Paketdienst baut aus

DPD bekommt in Kalsdorf bei Graz ein größeres Depot. Der Um- und Zubau wird die Anlage für 12.500 Pakete pro Stunde fit machen.

DPD KEP

So wird zunächst die Paketanlage in der Niederlassung Kalsdorf bei Graz um rund 1.000 m² Sortierfläche erweitert. Daraus ergibt sich eine Kapazitätsausweitung auf insgesamt 32.000 Tagespakete. Zusätzlich wird die Anlage durch einen zweiten Entladekopf mit weiteren sechs Entladeteleskopen ergänzt, eine Maßnahme, die die Entladezeit wesentlich verkürzen wird.
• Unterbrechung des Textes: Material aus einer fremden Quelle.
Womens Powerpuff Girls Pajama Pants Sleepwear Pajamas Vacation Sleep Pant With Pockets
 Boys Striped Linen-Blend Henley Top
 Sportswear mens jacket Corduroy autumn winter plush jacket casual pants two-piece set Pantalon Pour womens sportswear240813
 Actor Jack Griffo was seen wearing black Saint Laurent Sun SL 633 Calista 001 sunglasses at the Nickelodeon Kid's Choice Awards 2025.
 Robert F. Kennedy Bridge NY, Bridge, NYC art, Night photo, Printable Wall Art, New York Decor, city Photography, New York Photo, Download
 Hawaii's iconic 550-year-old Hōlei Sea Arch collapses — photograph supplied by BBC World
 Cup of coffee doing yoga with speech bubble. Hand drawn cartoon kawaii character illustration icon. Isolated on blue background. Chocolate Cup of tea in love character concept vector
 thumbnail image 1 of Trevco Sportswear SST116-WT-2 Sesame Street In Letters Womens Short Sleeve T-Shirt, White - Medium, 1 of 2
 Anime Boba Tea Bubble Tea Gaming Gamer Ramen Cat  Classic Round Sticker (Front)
Zudem wird durch eine Erweiterung der Verteilbänder eine Vorsortierung der Paketströme auf insgesamt fünf Hallensektoren möglich. Durch diese bautechnischen Maßnahmen wird das Depot für eine Sortierleistung von 12.500 Paketen pro Stunde ausgelegt sein. „Wir wachsen stetig, denn die Paketbranche boomt. Erst 2016 hatte DPD in Österreich mit insgesamt fast 44 Millionen bewegten Paketen einen historischen Rekord zu verzeichnen. Wir rechnen weiterhin mit stark wachsenden Versandmengen und möchten unseren Firmen- und Privatkunden auch in Zukunft ihre Pakete schnell und sicher liefern, deshalb ist es notwendig, unsere Kapazitäten an die Marktanforderungen laufend anzupassen. Der geplante Fertigstellungstermin ist der 1. August 2017, also rechtzeitig vor unserem Hauptgeschäft, der Weihnachtszeit,“ sagt Andreas Winkelmayer, Geschäftsführer von DPD-Gesellschafter Gebrüder Weiss Paketdienst (GWP) .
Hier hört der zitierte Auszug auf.